Extracted records:

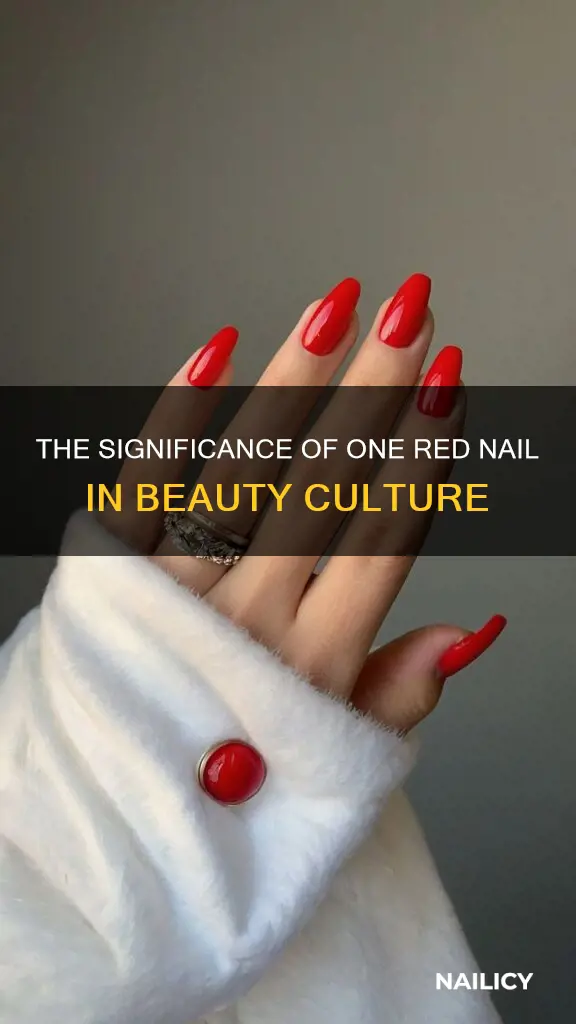 what does 1 red nail mean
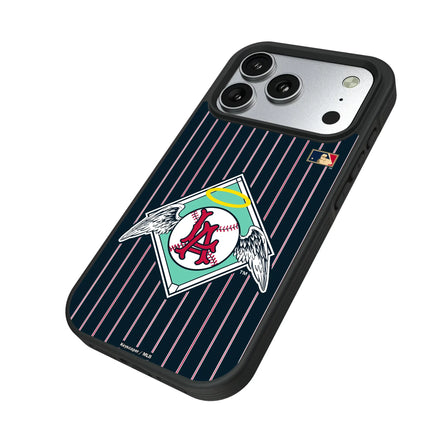 LA Angels 1961-1965 - Cooperstown Collection Pinstripe Bump Phone Case for Apple iPhone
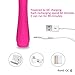 ROWAWA G-spot Vibrator Waterproof Rabbit Vibrator Rechargebale Clitoris Stimulation Best Toy for Women Powerful Wand Massager Pink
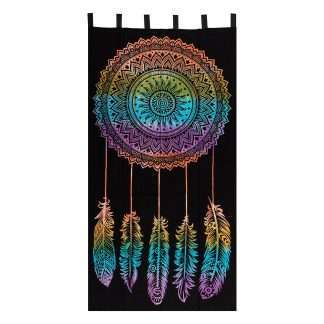 Curtain - Feather Tie Dye 111cm x 222cm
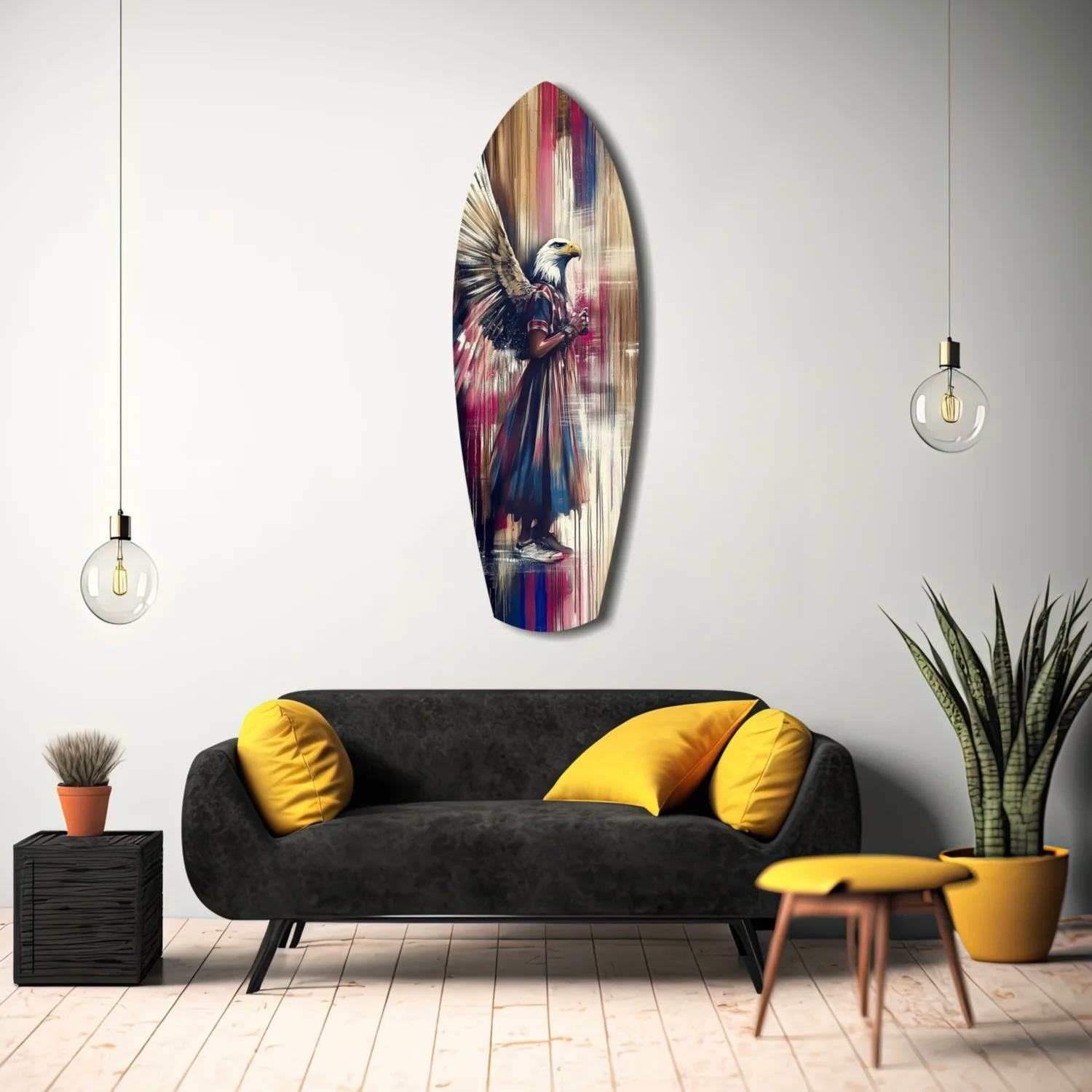 American Eagle Glass Wall Art - Image 11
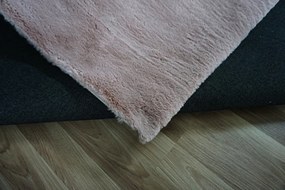 Koberec Cozy 1453 ružový obdĺžnikový – mäkký polyester Rozmer: 40x60 cm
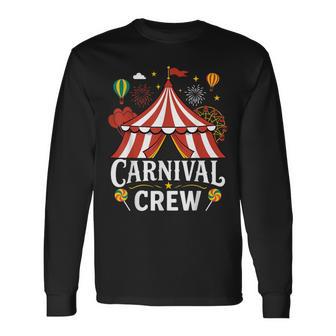 Carnival Crew Circus Staff Theme Party Carnival Costum Long Sleeve T-Shirt - Thegiftio UK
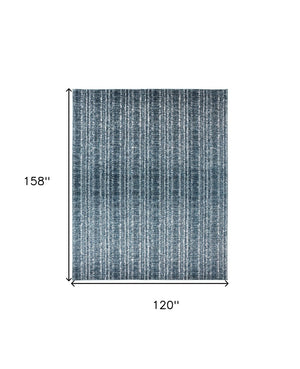 HomeRoots 10' Blue and Ivory Power Loom Area Rug - Stylish, Durable Design for Family Spaces and Easy Care 10' X 13' 567684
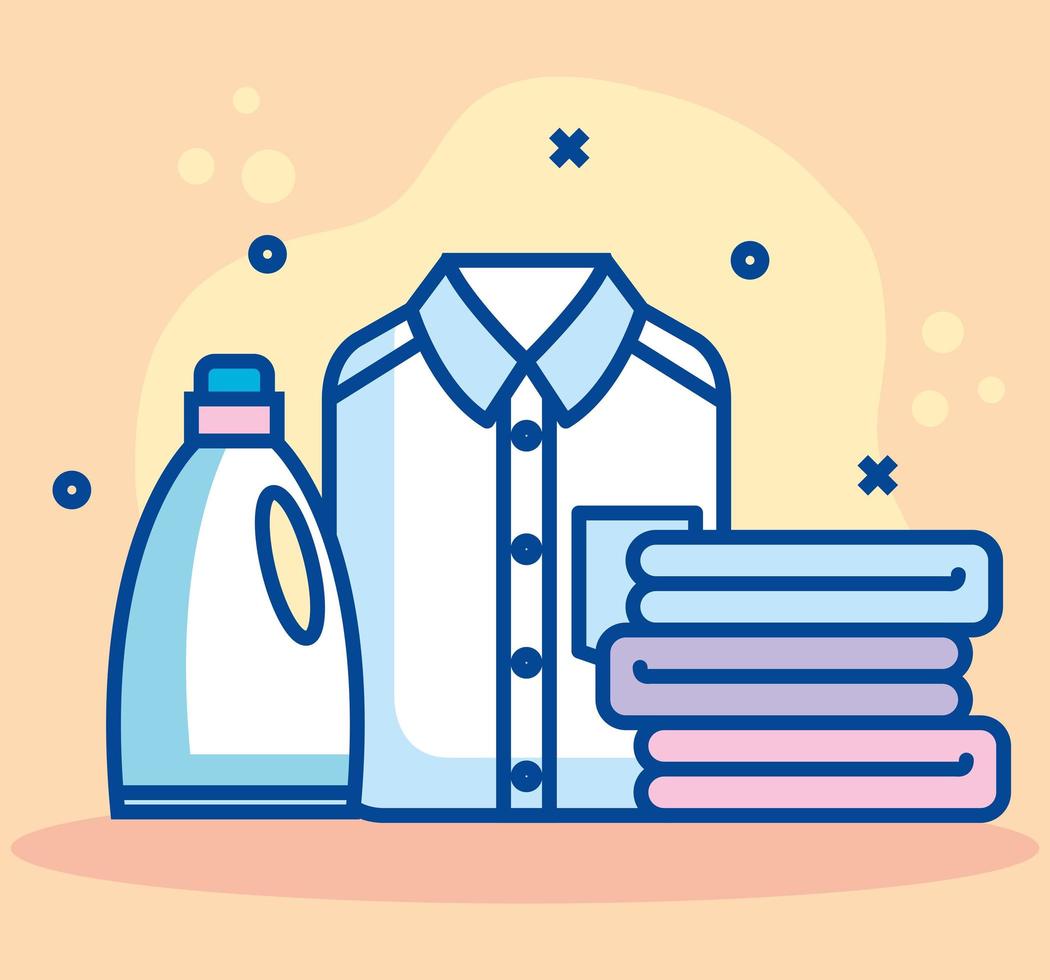 laundry service banner vector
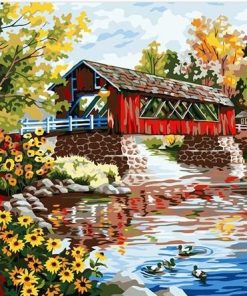 River Landscape Nature Paint By Numbers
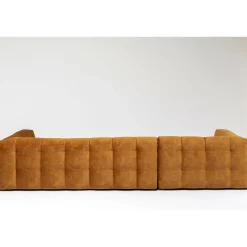 KARE Design Canapés D Angle Salamanca Gauche Brun Dore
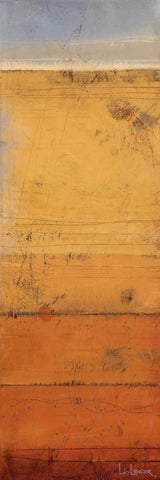 Promontory I White Modern Wood Framed Art Print with Double Matting by Li-Leger, Don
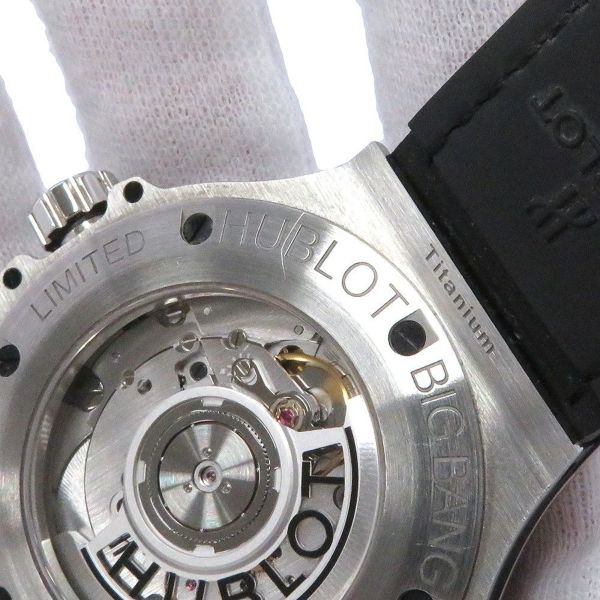 ウブロ ビッグバン ブロードリー ビショフ 200本限定 343.SX.6570.NR.0804 HUBLOT 腕時計 黒文字盤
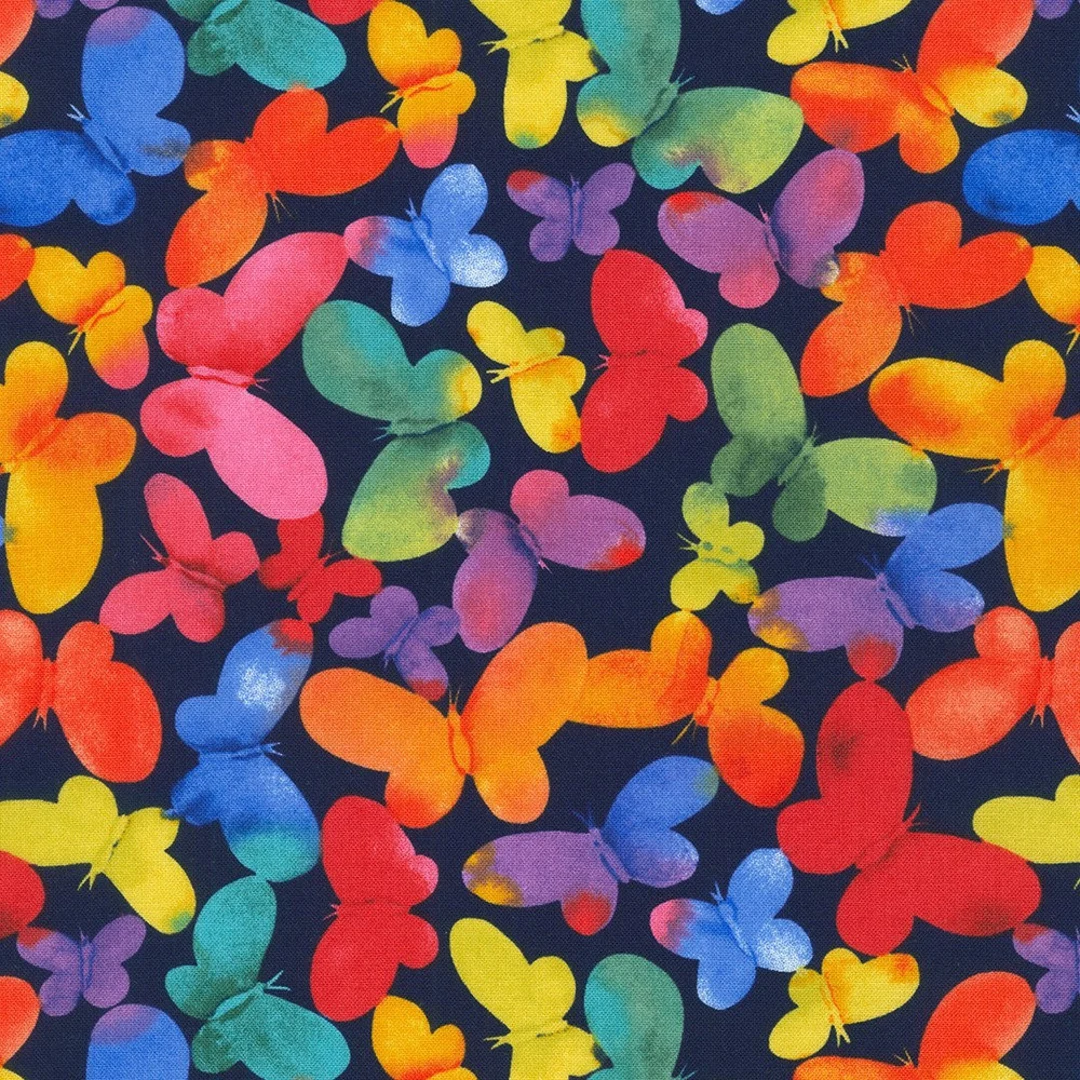 Robert Kaufman "Butterflies" Half-Yard Bundle - 10 Fabrics, 5 Total Yards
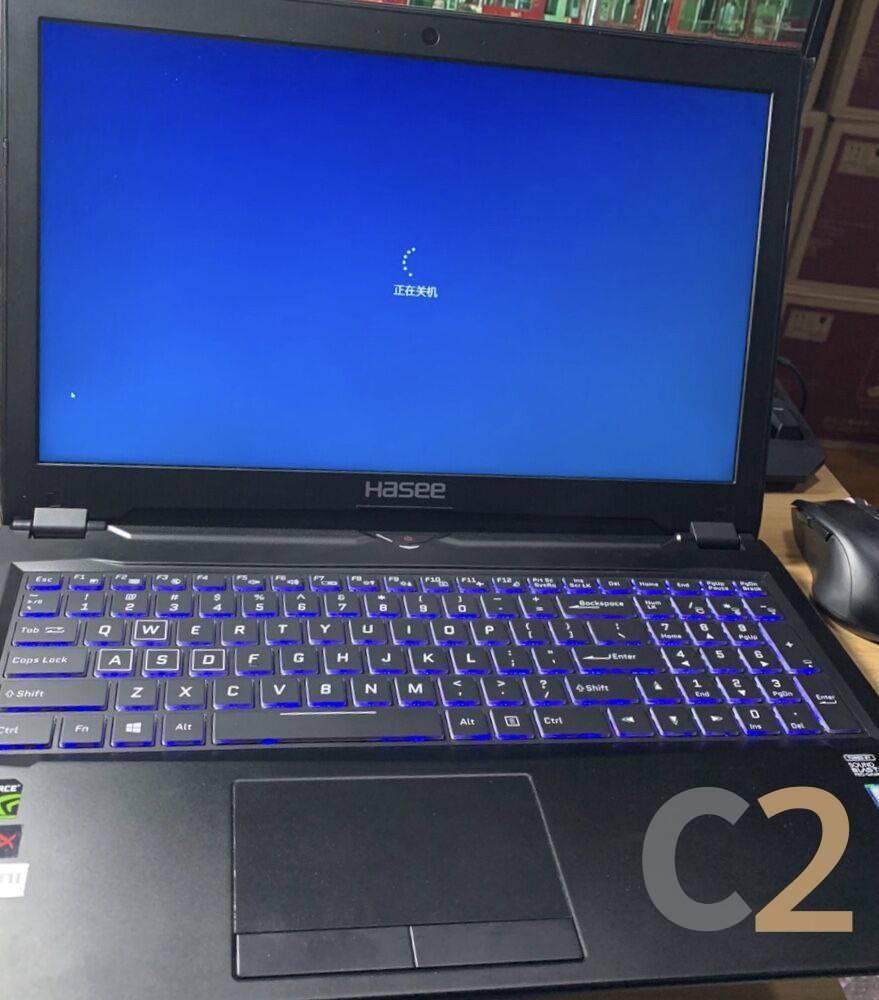 (USED) HASEE T97E I7-8750H 4G NA 500G GTX 1070 8G 15.6inch 1920x1080 Gaming Laptop 95% - C2 Computer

Task requirements: An exact copy of the lines from the one with "Carnival Crew Circus" through the end of the records: produce that and nothing more, leaving out the pictures.

Finished task:
 Carnival Crew Circus Staff Theme Party Carnival Costum Long Sleeve T-Shirt - Thegiftio UK
 HomeRoots 10' Blue and Ivory Power Loom Area Rug - Stylish, Durable Design for Family Spaces and Easy Care 10' X 13' 567684
 laundry service banner vector
 River Landscape Nature Paint By Numbers
 KARE Design Canapés D Angle Salamanca Gauche Brun Dore
 Promontory I White Modern Wood Framed Art Print with Double Matting by Li-Leger, Don
 ウブロ ビッグバン ブロードリー ビショフ 200本限定 343.SX.6570.NR.0804 HUBLOT 腕時計 黒文字盤
 Robert Kaufman "Butterflies" Half-Yard Bundle - 10 Fabrics, 5 Total Yards
 (USED) HASEE T97E I7-8750H 4G NA 500G GTX 1070 8G 15.6inch 1920x1080 Gaming Laptop 95% - C2 Computer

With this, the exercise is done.